# Cam and Valvetrain Upgrade



## rafael87 (Feb 8, 2015)

Hello all,

I've got a 2005 m6 GTO with about 85k miles.

I have Pacesetter headers and mid pipes for it. I want to install a:

cam, 
FAST 92mm intake, 
dual valve springs, 
chromoly pushrods, and 
titanium retainers

I want to daily drive it, so what sort of cam grind and manufacturer do you recommend? 
Also, is it recommended that I upgrade my rocker arms, and do you recommend anything else for the cam upgrade? 
Is there anything that's extraneous in my list; do I absolutely need the FAST intake, or can I do without it?
Is there a place where I can get whatever I need in kit form, at a reasonable price?
How much power would I be potentially looking at?

Thanks!


----------



## svede1212 (Nov 1, 2005)

I'd go to Flow Tech Induction and at the top there is a Cam Tech Form link. Fill it out and in a couple of days Ed Curtis there will get back with a couple of recommendations that fit your mods, future mods and goals for the car. Get the compete kit with springs, push rods etc. You'll need a tune after install. He custom specs his own cams and his advise is golden. You can expect to gain over 60 RWHP. A cam is the best bang for the buck upgrade and you already have the base needed with long tube headers. I wouldn't be surprised if he gives you the Street Sweeper HT as one of them as it has been a very good, streetable cam for the LS. A timing chain might be a good idea at that mileage. Although it's PITA to install as you have to remove the oil pump to install the chain so while you have it out a Melling oil pump would be a really good upgrade. You can't make any power if your motor takes a crap from the pump going out.

You shouldn't need to upgrade your rockers to aluminum rollers. The stock ones are actually very strong and lighter at the ends where it counts. You may want to get the trunnion upgrade for them but that's all I'd do. 

The LS2 manifold is not a very good one and porting it or getting the FAST is a nice upgrade.

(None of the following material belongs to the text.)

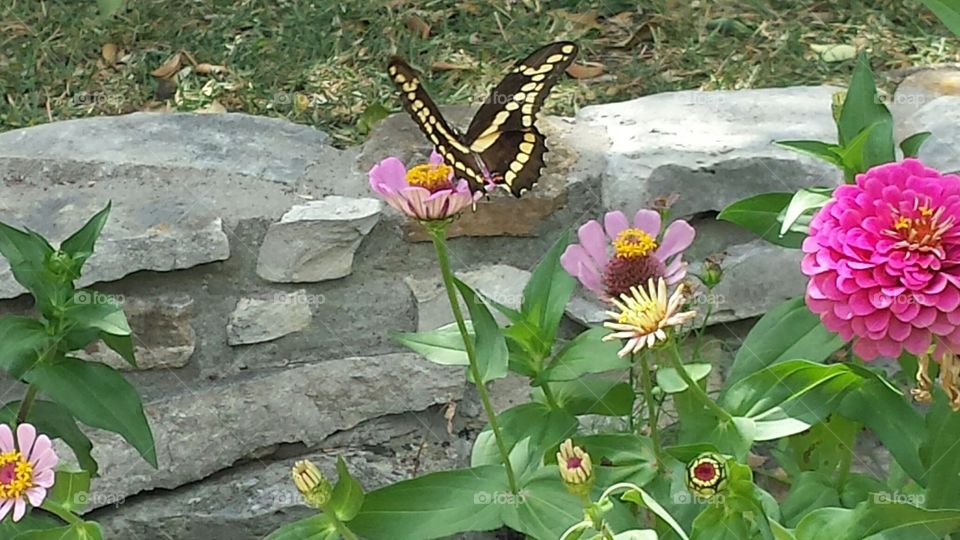 Butterflies and flowers 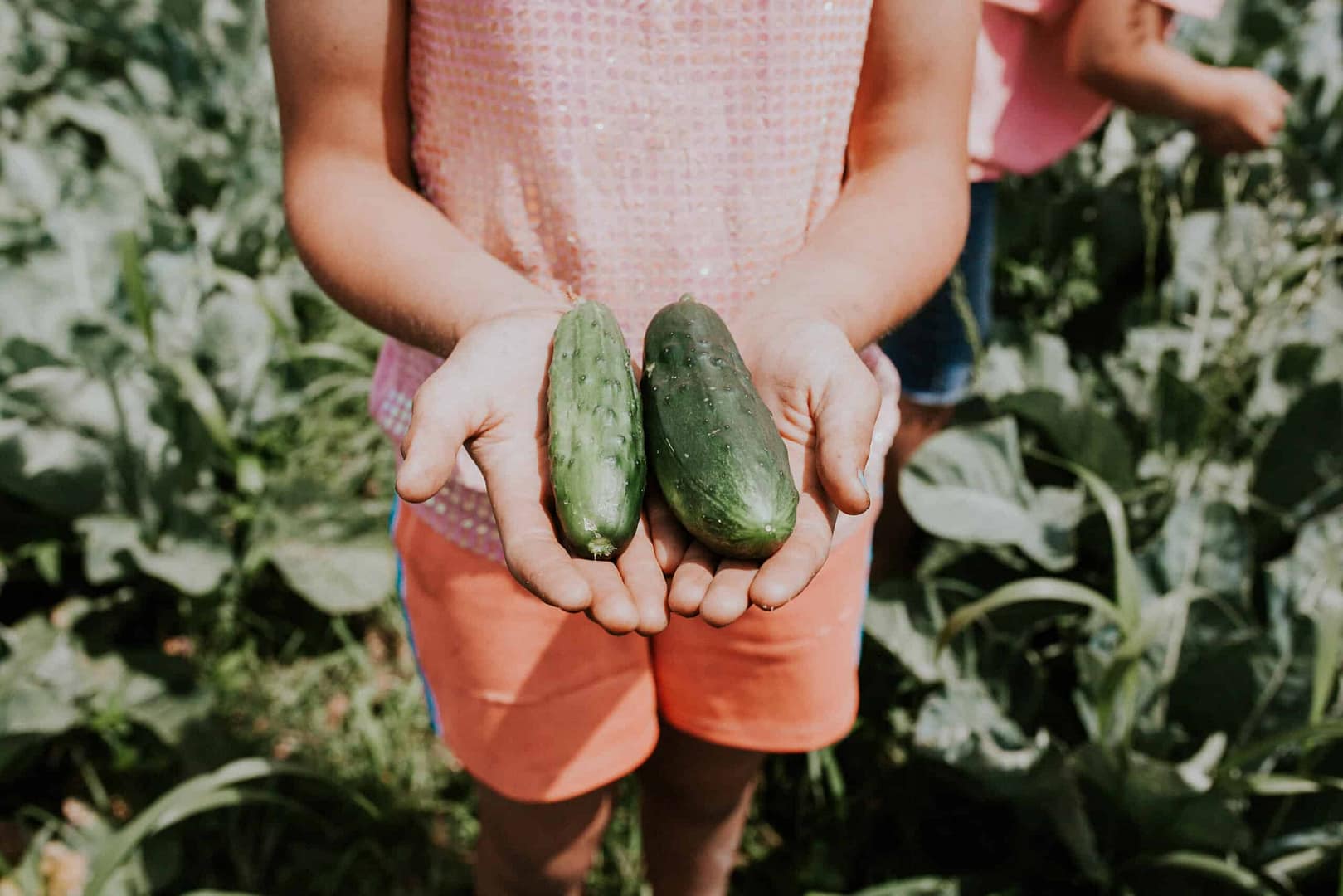 A girl holding two cucumbers, demonstrating her commitment to protecting the ecosystem services.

It doesn't have the bang for the buck as a cam though as you may only gain 15-20 RWHP so if you have to pick one get the cam.


----------



## rafael87 (Feb 8, 2015)

Thanks so much for the detailed reply!
As for the FAST manifold, would the 102mm be a better buy...or will it only be truly useful if I upgrade the throttle body?


----------



## svede1212 (Nov 1, 2005)

The 102 is only marginally better. Your 90mm TB is large enough. If you're looking to maximize your money I'd keep an eye on the for sale sections at various boards like LS1Tech and try to score one of those. Also on the tech form at FTI you don't need to fill in every valve event, etc. Just state what you have and where you want to go. IMHO don't chase dyno numbers but how you want the car to drive


----------



## rafael87 (Feb 8, 2015)

*Texas Speed vs Streetsweeper*

What about the Texas Speed 228R cam on a 112LSA? how does that compare to the streetsweeper? The Texas speed kit with Titanium retainers is more reasonably priced than the Flowtech cam kit with steel retainers. Thanks!


----------



## svede1212 (Nov 1, 2005)

That's quite a bit milder cam. You'd get another 20 HP with the SSHT. I wouldn't fret over the retainers. Ti is lighter and benefits guys that are going to rev up very high but that should also be coupled with high RPM lifters, stiffer pushrods and even lighter weight valves Steel is marginally heavier but has the advantage of lasting longer.


----------



## rafael87 (Feb 8, 2015)

What about a Texas Speed cam that would offer similar performance? Is the Streetsweeper cam that much better?


----------



## svede1212 (Nov 1, 2005)

IMHO it is. The TSP V2 is a little milder but better than the first you posted.


----------



## rafael87 (Feb 8, 2015)

Do you know any shops in the Sacramento area that you can recommend for tuning?


----------



## Whiplash06Goat (Sep 23, 2015)

You might want to also consider getting those stock heads ported and polished so they flow better, just a thought.


----------